In this section basic models will be evaluated with regards to their accuracy, ROC- and Precision-Recall Curves. 

**Section Overview**
- [Evaluating Basic Models](#eval_basic_models)
    - [Model evaluation functions](#eval_functions)
    - [Kirk vs Picard](#kirkvpicard_eval)
        - [Overview](#kirkvpicard_overview_eval)
        - [Logistic Regression -  Kirk vs Picard](#kirkvpicard_logreg)
        - [Decision Tree -  Kirk vs Picard](#kirkvpicard_dectree)
        - [Bernoulli Native Bayes - Kirk vs Picard](#kirkvpicard_bayes)
        - [Random Forest - Kirk vs Picard](#krikvpicard_random_forest)
        - [Logistic Regression + tfidf - Kirk vs Picard](#krikvpicard_logreg_tfidf)
        - [Decision Tree + tfidf - Kirk vs Picard](#krikvpicard_dectree_tfidf)
        - [Bernoulli Naive Bayes + tfidf - Kirk vs Picard](#krikvpicard_bayes_tfidf)
    - [All Captains](#allc_eval)
        - [Overview](#allc_overview_eval)
        - [Logistic Regression -  All Captains](#allc_logreg)
        - [Decision Tree -   All Captains](#allc_dectree)
        - [Bernoulli Native Bayes -  All Captains](#allc_bayes)
        - [Random Forest -  All Captains](#allc_random_forest)
        - [Logistic Regression + tfidf -  All Captains](#allc_logreg_tfidf)
        - [Decision Tree + tfidf -  All Captains](#allc_dectree_tfidf)
        - [Bernoulli Naive Bayes + tfidf -  All Captains](#allc_bayes_tfidf)
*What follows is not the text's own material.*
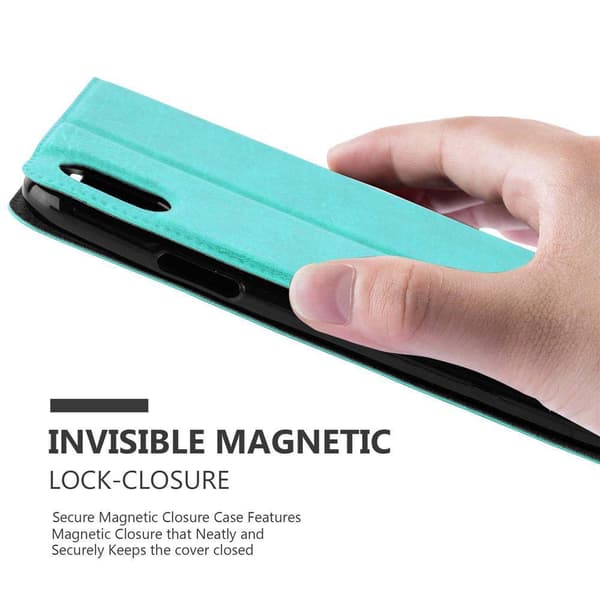 Deksel til Apple iPhone XR Lommebokdeksel med magnetisk lukking, stativfunksjon og 2 visningsvinduer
<a name="eval_functions"></a>
#### Model evaluation functions

In [None]:
def get_logreg_coef_from_pipeline(pipeline, vectorizer_name, model_name, multiclass=False, 
                                  class_of_interest=None):
    """Gets coefficients from a model (that has a .coef_ attribute) within a fitted pipeline. 
    Returns a dataframe.
    Arguments:
        pipeline = fitted pipeline
        vectorizer_name = name assigned to the vectorizer in the pipeline
        model_name = name assigned to the model in the pipeline
        multiclass = whether or not the classification is multiclass (default=False)
        class_of_interest = in case of multiclass, for which class coefficients are wanted (default=None)
                            should be specified as the class name (string)."""
    array_classes = pipeline.named_steps[model_name].classes_
    class_of_interest_index = np.where(array_classes == class_of_interest) #get the index of the class of interest
    
    # in case of multiclass get coefficients from the class of interest
    if multiclass == True:
        coefs = pipeline.named_steps[model_name].coef_[class_of_interest_index]
    if multiclass == False:
        coefs = pipeline.named_steps[model_name].coef_
    
    # get the name of the coefficients
    vocab_unsorted = pipeline.named_steps[vectorizer_name].vocabulary_
    vocab_sorted_by_index = sorted(vocab_unsorted.keys())
    
    # create the dataframe
    df =  pd.DataFrame(coefs.reshape(-1,1),columns=['coef'], index= vocab_sorted_by_index)
    
    return df


def plot_coef_dataframe(df, lenght=20, positive=True, ax=None):
    """Plots either the coefficients with the highest, or the lowest value, given a dataframe of coefficients.
    Arguments:
        df = dataframe of coefficients
        positive = boolean value indicating whether to plot top or bottom coeffiecients (default=True)
        ax = subplot position (default=None)."""
    if positive == True:
        return sns.barplot(y=df.sort_values(by="coef", ascending=False).index[:lenght], 
                x=df.sort_values(by="coef", ascending=False).coef[:lenght],
                orient="h",
                ax=ax, edgecolor="black",
                color="#9A99FF")
    if positive == False:
        return sns.barplot(y=df.sort_values(by="coef", ascending=True).index[:lenght], 
                x=df.sort_values(by="coef", ascending=True).coef.apply(lambda x: -x)[:lenght],
                orient="h",
                ax=ax)     
       
    
def plot_graphs_logreg_binary(df_coef, model, X_test, y_test, lenght=20, pos_label="1", neg_label="0", 
                              coef_plot=True):
    """Plots the following graphs for a binary classification: Coefficient for positive label, coefficients
    for negative labels, confusion matrix, ROC-curve, Precision-Recall-Curve, barplot of baseline counts.
    Arguments:
        df_coef = dataframe of coefficients
        model = fitted model
        X_test = predictors test set
        y_test = target test set
        lenght = number of coefficients to plot (default=20)
        pos_label = label of the positive class (default="1")
        neg_label = label of the negative class (default="0")
        coef_plot = turn the plotting of coefficients on/off (default=True)"""
    
    if coef_plot == True:
    
        fig, ax = plt.subplots(nrows=3, ncols=2, figsize=(20,20))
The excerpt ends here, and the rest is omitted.